Conductivity of a superlattice with parabolic miniband

TL;DR

This paper presents a theoretical study of the static and high-frequency conductivity of a one-dimensional superlattice with a parabolic miniband, highlighting temperature effects and potential for terahertz applications at low temperatures.

Contribution

It introduces a novel temperature-dependent formula for static current density and analyzes high-frequency response, advancing understanding of superlattice conductivity for terahertz generation.

Findings

Current maximum shifts to low field with increasing temperature.

Superlattices can generate terahertz fields only at very low temperatures.

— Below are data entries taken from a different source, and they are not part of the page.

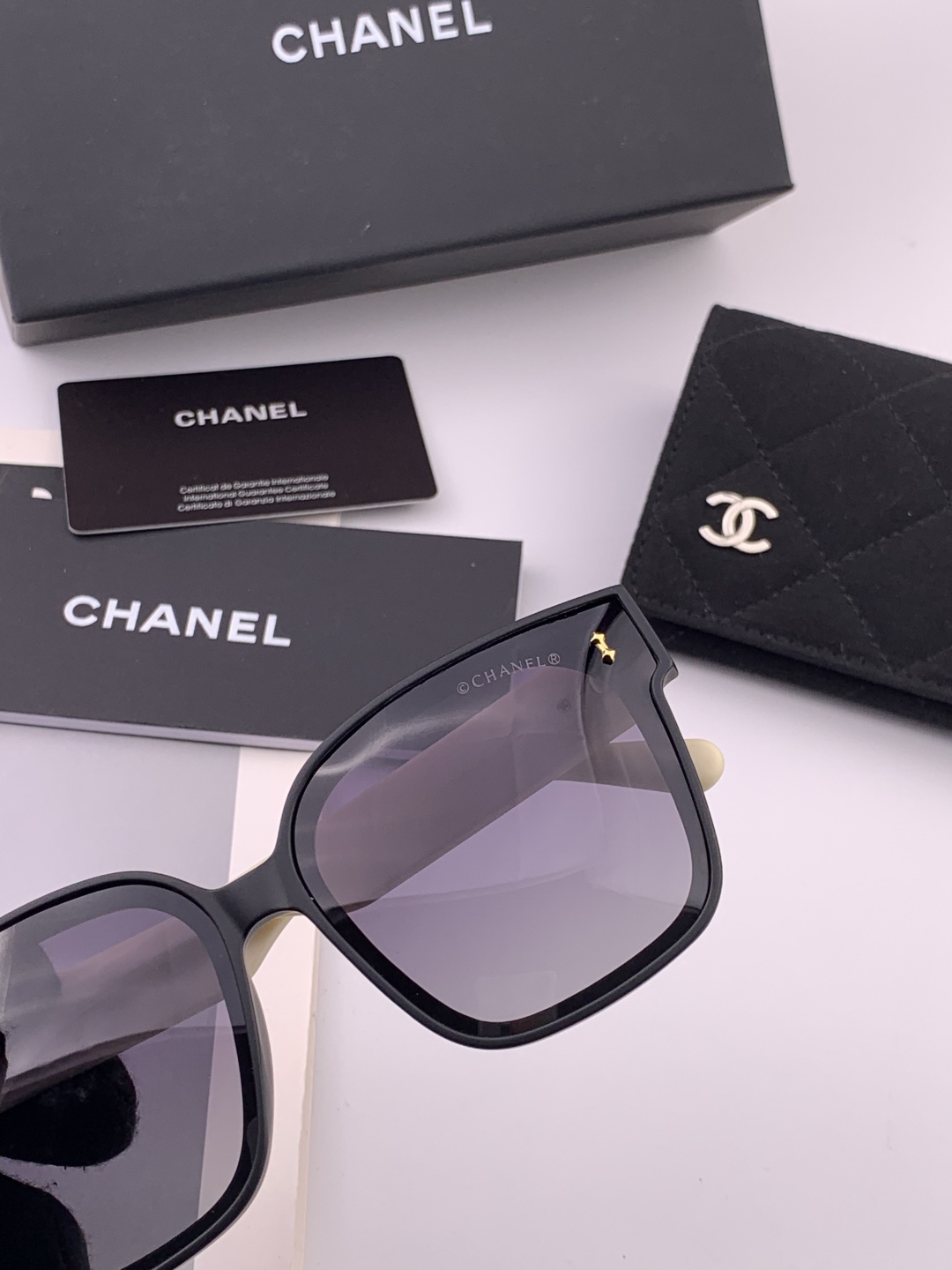 【CHANEL】香奈儿 新款潮流爆款 时尚方框太阳镜 佩戴舒适 网红潮款墨镜 女士高清加厚偏光太阳镜🕶️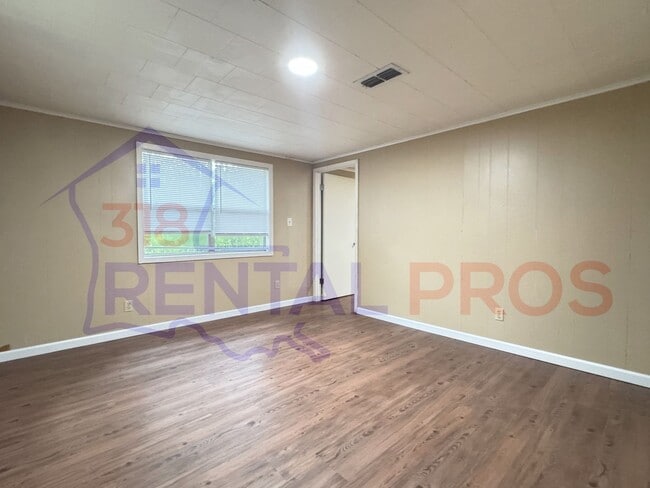 Building Photo - 3 Bed, 2 Bath Home in Ruston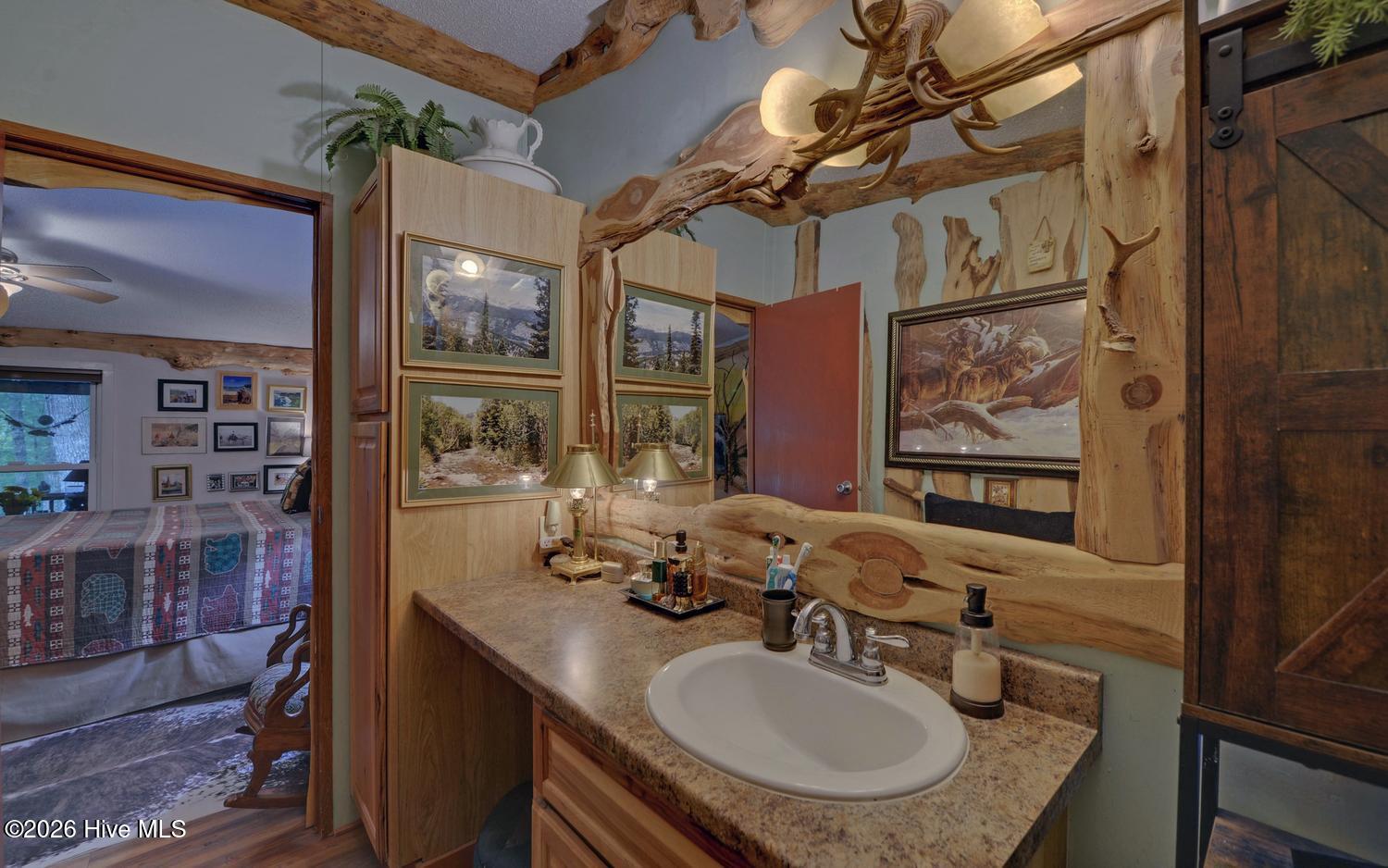 120 Covington Cove Property Photo 7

Temperature influences high-frequency differential conductivity response.

Abstract

The static and high-frequency differential conductivity of a one-dimensional superlattice with parabolic miniband, in which the dispersion law is assumed to be parabolic up to the Brillouin zone edge, are investigated theoretically. Unlike the earlier published works, devoted to this problem, the novel formula for the static current density contains temperature dependence, which leads to the current maximum shift to the low field side with increasing temperature. The high-frequency differential conductivity response properties including the temperature dependence is examined and opportunities of creating a terahertz oscillator on Bloch electron oscillations in such superlattices are discussed. Analysis shows that superlattices with parabolic miniband dispersion law may be used for generation and amplification of terahertz fields only at very low temperatures.